## INSTRUCTIONS FOR THE TASK
In the data below, find the line that contains "Fototapeta Colorful paint splashing" and the line that contains "resorbs in the event of tooth extraction.". Copy both, plus every line between them, exactly.

[[ RECORDS SUPPLIED, beginning ]]

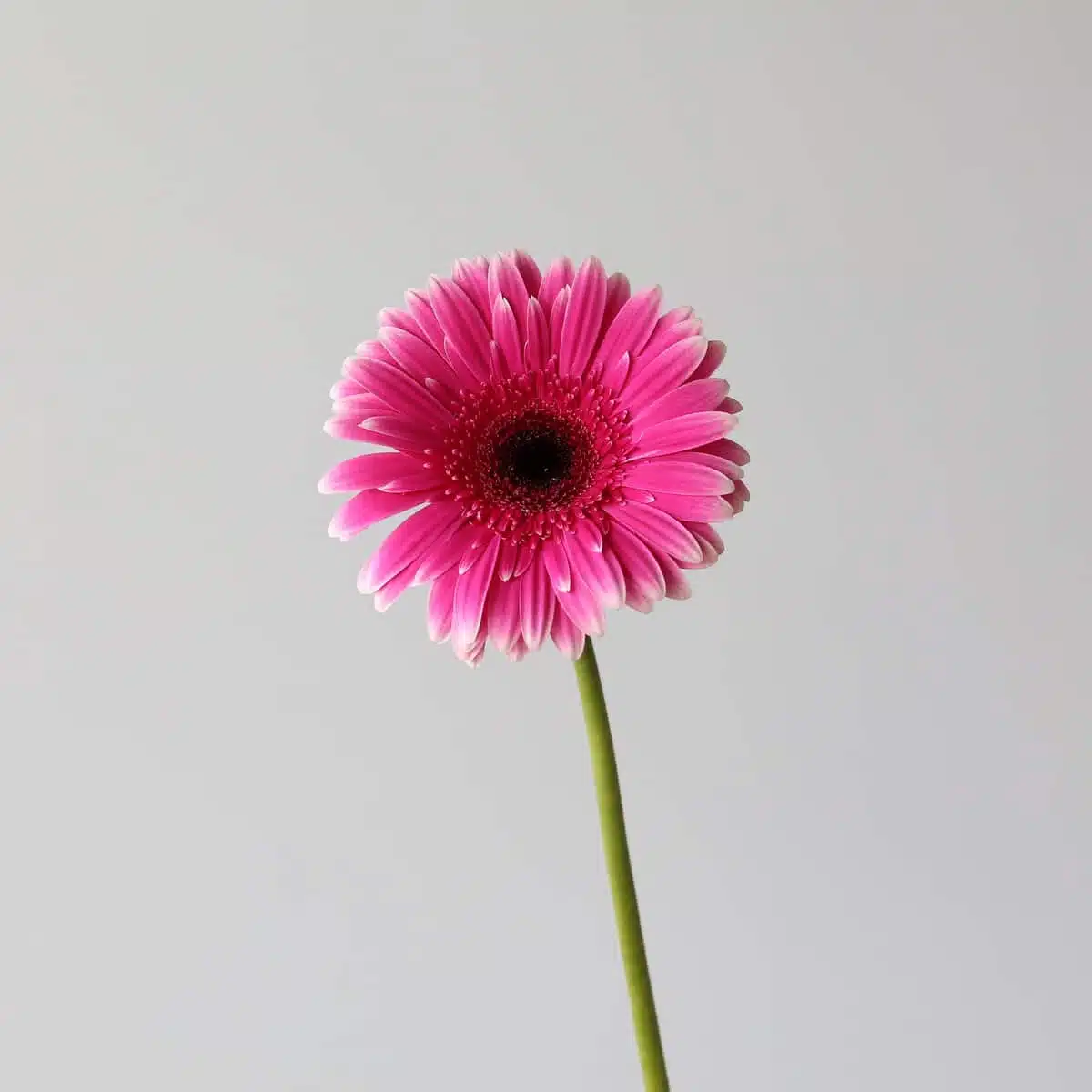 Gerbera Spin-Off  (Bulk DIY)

[[ RECORDS SUPPLIED, end ]]
[[ RECORDS SUPPLIED, beginning ]]

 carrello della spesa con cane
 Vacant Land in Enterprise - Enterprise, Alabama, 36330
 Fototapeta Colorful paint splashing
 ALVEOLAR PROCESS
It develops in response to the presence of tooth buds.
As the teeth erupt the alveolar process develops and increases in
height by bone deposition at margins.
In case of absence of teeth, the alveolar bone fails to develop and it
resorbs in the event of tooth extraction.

[[ RECORDS SUPPLIED, end ]]

## YOUR RESPONSE
 Fototapeta Colorful paint splashing
 ALVEOLAR PROCESS
It develops in response to the presence of tooth buds.
As the teeth erupt the alveolar process develops and increases in
height by bone deposition at margins.
In case of absence of teeth, the alveolar bone fails to develop and it
resorbs in the event of tooth extraction.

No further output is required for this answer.